From the line containing "9636968380 0258006185 96368765" down to the line containing "LOTUS SILVER SILVER EARRINGS LP3100-4/1" in the records below, reproduce every line exactly, ends included, and omit all others.

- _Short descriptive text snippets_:

-------

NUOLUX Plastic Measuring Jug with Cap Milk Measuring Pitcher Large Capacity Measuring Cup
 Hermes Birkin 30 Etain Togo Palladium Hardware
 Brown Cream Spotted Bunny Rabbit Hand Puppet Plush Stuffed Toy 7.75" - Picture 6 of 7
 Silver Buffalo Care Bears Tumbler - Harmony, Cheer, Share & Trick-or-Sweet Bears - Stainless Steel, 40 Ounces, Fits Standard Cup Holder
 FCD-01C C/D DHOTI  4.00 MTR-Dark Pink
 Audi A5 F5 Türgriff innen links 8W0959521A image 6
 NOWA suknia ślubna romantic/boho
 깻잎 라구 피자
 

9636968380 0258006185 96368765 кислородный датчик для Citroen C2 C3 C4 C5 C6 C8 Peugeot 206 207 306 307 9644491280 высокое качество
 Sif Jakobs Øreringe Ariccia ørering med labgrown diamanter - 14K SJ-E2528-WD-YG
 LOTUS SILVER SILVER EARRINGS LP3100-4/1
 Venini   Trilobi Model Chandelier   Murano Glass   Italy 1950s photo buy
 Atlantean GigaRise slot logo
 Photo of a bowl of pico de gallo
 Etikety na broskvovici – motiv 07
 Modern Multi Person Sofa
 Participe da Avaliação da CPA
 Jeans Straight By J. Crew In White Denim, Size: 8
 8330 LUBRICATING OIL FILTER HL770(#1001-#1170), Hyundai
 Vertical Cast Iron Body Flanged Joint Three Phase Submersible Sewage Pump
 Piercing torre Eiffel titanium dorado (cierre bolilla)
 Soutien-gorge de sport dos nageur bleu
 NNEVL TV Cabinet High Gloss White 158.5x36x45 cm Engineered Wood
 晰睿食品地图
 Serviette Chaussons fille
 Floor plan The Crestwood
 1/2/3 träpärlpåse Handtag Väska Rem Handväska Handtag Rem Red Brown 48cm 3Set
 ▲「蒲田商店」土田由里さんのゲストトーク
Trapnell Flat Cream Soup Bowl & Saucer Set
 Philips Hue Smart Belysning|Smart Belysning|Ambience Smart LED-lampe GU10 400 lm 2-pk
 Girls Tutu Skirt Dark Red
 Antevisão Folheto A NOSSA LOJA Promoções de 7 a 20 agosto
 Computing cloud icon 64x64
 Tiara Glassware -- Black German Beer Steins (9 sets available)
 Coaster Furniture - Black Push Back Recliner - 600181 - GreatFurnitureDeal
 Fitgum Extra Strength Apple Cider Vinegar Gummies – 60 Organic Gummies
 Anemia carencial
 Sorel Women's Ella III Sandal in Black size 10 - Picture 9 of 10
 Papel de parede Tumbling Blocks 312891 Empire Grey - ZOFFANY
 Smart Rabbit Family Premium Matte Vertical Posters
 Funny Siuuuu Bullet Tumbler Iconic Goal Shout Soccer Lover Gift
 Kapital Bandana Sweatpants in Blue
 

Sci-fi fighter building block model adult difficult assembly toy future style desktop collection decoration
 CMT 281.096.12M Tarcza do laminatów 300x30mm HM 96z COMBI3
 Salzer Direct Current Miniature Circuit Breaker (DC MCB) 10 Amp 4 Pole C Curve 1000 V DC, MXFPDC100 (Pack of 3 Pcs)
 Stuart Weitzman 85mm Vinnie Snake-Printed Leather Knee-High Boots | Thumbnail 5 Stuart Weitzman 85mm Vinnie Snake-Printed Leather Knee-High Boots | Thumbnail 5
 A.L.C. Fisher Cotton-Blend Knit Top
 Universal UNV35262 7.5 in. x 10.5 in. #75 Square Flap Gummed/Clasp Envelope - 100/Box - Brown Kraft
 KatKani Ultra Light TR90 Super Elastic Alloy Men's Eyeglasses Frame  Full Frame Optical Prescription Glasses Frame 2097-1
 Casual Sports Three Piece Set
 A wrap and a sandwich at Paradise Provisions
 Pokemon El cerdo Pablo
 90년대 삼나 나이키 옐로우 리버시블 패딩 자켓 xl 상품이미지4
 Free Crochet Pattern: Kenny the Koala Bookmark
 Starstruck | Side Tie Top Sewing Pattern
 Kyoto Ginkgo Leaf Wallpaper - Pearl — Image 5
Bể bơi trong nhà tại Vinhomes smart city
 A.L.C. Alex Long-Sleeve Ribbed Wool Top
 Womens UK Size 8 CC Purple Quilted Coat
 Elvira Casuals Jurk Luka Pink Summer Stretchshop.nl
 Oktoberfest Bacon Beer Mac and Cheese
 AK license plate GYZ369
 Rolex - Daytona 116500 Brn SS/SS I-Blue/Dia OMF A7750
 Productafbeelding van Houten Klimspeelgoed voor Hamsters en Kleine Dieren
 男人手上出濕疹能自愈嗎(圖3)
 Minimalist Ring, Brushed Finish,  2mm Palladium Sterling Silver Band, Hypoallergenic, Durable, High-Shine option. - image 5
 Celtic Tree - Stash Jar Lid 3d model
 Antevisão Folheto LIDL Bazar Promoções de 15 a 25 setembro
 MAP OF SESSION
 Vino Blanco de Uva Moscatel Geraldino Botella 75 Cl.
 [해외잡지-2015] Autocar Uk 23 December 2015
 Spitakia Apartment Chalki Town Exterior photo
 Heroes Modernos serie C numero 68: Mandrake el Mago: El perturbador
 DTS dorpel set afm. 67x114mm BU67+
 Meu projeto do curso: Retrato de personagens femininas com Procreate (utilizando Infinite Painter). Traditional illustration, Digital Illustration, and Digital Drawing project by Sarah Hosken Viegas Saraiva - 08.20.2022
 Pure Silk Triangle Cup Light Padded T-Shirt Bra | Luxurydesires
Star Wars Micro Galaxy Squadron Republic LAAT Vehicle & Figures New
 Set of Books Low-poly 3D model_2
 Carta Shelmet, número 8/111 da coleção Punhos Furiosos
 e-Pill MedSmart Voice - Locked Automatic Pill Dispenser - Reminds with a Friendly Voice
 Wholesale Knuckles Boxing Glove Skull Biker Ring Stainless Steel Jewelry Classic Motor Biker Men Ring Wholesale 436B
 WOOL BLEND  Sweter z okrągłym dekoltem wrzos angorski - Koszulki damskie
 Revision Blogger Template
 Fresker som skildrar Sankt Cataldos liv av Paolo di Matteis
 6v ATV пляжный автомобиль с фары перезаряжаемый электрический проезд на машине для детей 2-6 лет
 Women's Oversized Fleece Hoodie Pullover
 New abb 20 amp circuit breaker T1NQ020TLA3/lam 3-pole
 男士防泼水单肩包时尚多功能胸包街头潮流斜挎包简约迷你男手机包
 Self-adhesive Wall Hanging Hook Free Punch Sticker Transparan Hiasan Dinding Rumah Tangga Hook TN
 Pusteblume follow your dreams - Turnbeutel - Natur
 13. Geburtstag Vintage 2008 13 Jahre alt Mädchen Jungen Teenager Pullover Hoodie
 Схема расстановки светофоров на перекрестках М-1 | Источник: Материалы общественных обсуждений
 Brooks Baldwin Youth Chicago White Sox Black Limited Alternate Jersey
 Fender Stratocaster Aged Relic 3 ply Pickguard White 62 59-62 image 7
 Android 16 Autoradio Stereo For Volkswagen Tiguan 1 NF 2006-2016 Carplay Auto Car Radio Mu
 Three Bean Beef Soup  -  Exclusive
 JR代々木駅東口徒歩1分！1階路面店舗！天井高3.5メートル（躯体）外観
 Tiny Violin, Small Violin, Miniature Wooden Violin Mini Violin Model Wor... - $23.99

-------

- _Output for this exercise_:
9636968380 0258006185 96368765 кислородный датчик для Citroen C2 C3 C4 C5 C6 C8 Peugeot 206 207 306 307 9644491280 высокое качество
 Sif Jakobs Øreringe Ariccia ørering med labgrown diamanter - 14K SJ-E2528-WD-YG
 LOTUS SILVER SILVER EARRINGS LP3100-4/1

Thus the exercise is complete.